* [THE PROBLEM]:
Every line from the one holding "Snapshot of demarcous_nm" to the end of the entries should be repeated exactly, with the pictures left out.

* [Items from a dataset]:
........

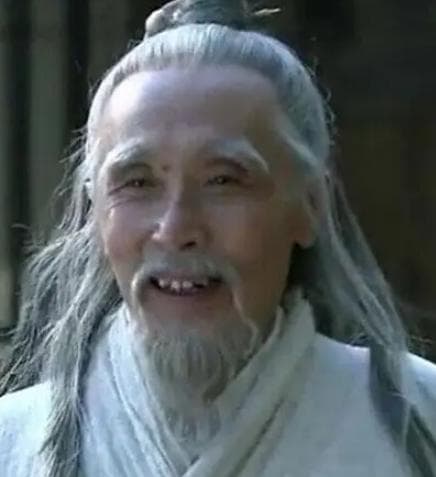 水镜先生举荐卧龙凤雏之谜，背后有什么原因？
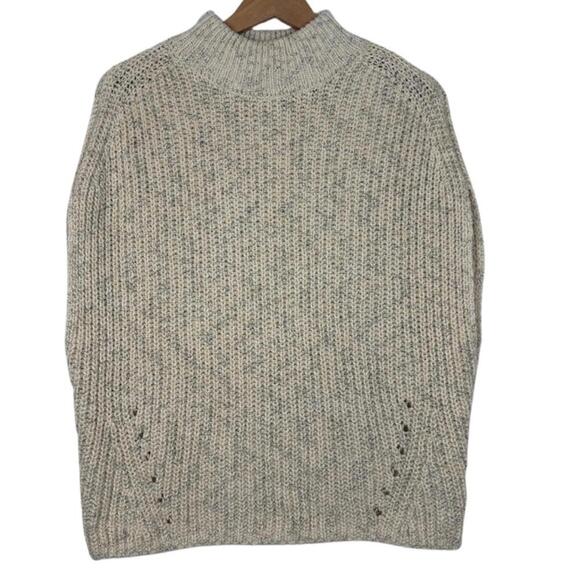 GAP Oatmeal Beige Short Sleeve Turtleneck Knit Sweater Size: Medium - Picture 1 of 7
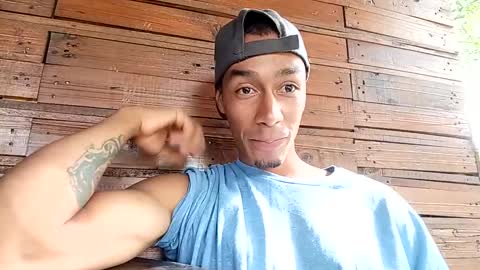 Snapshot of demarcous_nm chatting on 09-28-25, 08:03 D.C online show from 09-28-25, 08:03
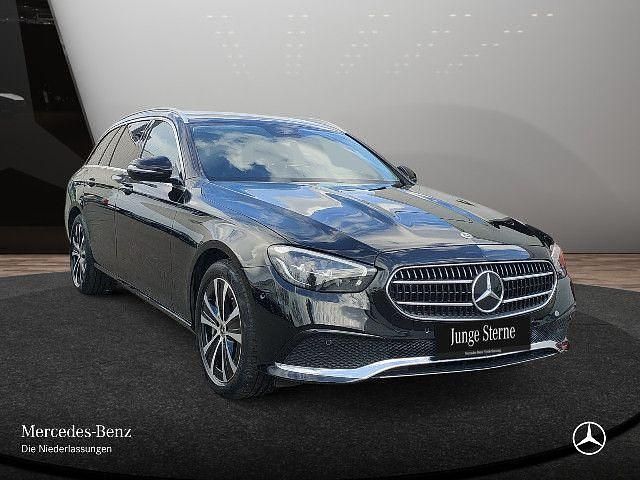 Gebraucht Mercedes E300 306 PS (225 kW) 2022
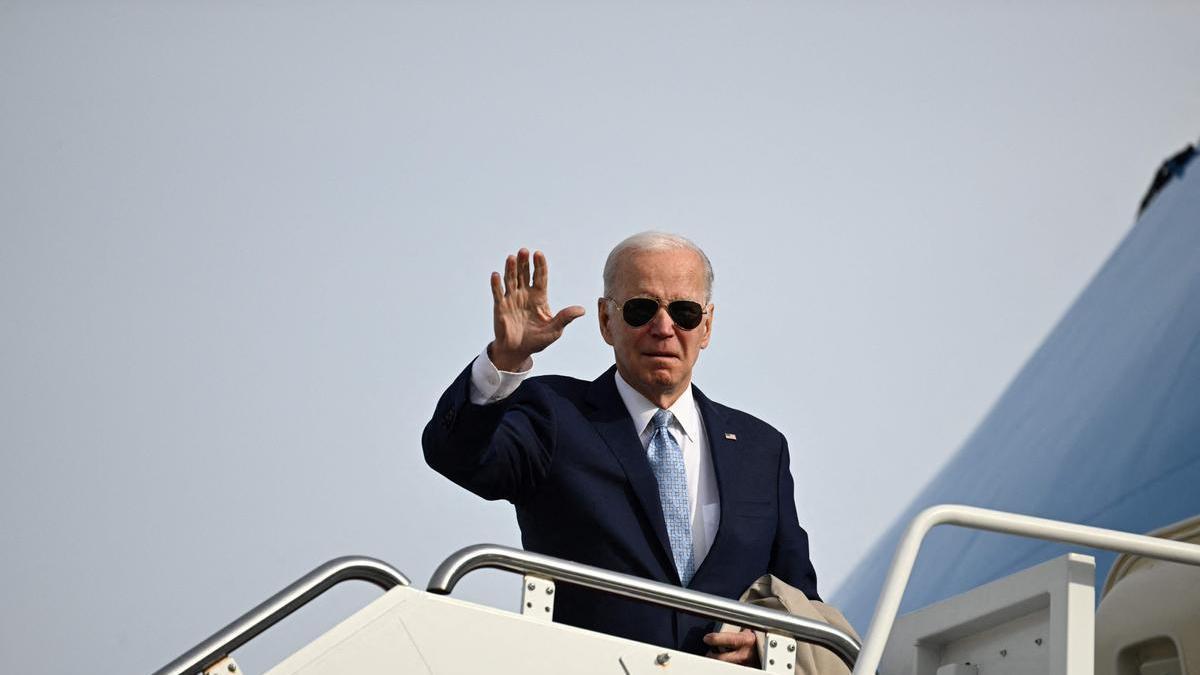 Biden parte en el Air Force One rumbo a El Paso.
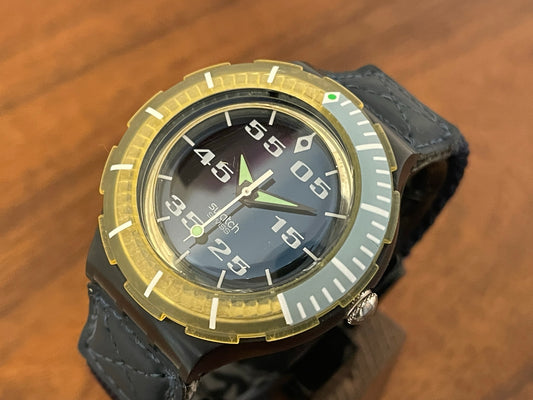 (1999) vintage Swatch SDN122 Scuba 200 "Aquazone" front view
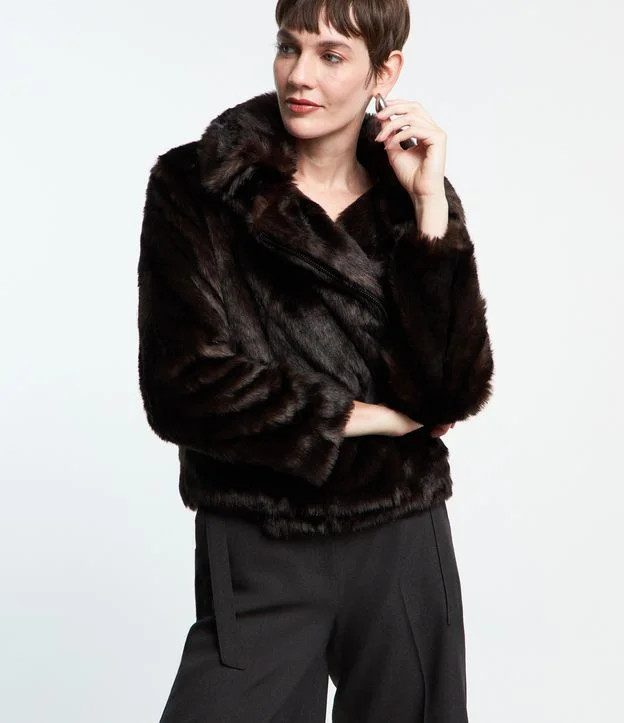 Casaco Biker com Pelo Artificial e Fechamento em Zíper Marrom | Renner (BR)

........

* [WRITTEN RESPONSE]:
 Snapshot of demarcous_nm chatting on 09-28-25, 08:03 D.C online show from 09-28-25, 08:03
 Gebraucht Mercedes E300 306 PS (225 kW) 2022
 Biden parte en el Air Force One rumbo a El Paso.
 (1999) vintage Swatch SDN122 Scuba 200 "Aquazone" front view
 Casaco Biker com Pelo Artificial e Fechamento em Zíper Marrom | Renner (BR)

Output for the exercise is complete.